In paragraph 101 of his judgment, the judge said this:
“Mr Ahmed and Mr Cox were in a position of hopeless conflict, because wearing their garments as directors of [the Company] they had to exploit ISS who wanted the synergies. Wearing their garments as directors of ISS they wanted to pay as little as possible.”
The judge accordingly concluded (in paragraph 103) that the conduct of the Respondent Directors, and the manner in which they disposed of the shares in Group, constituted a breach of their fiduciary duties to the Company. Having so concluded, he turned to what he described as “the next and most important question”, viz. whether such breaches of fiduciary duty had caused Rock any loss which could be the subject of justifiable complaint under section 459.

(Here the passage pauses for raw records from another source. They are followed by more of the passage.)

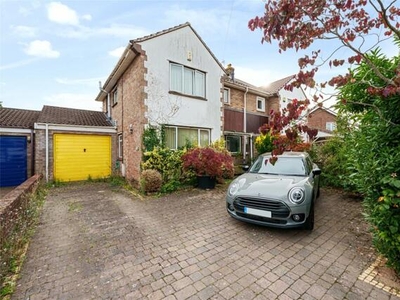 4 Bedroom Semi-detached House For Sale In Bristol, Gloucestershire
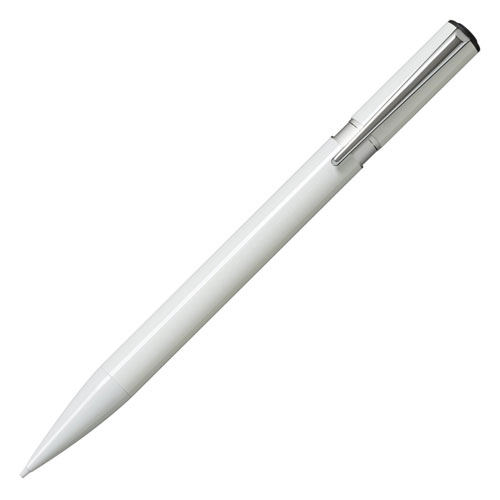 【トンボ鉛筆】ＺＯＯＭ　Ｌ１０５　シャープペンシル　０．５ｍｍ（ホワイト） １本/SH-ZLC21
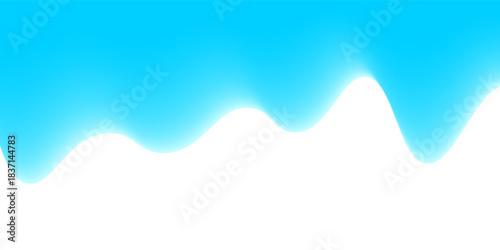 milk splash, milk simple shape for banner background, milk waves, milk splashes for advertising dairy products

On the undervalue issue, the judge found (in paragraph 120) that:
“[a]ll the evidence in the case demonstrated that ISS were not prepared to pay more than £2.80 per share to acquire [Rock’s] minority interest …. because ISS believed that that price represented a fair price over and above the assets and thus by inference included a premium element representing the value of the synergies which could not otherwise be released.”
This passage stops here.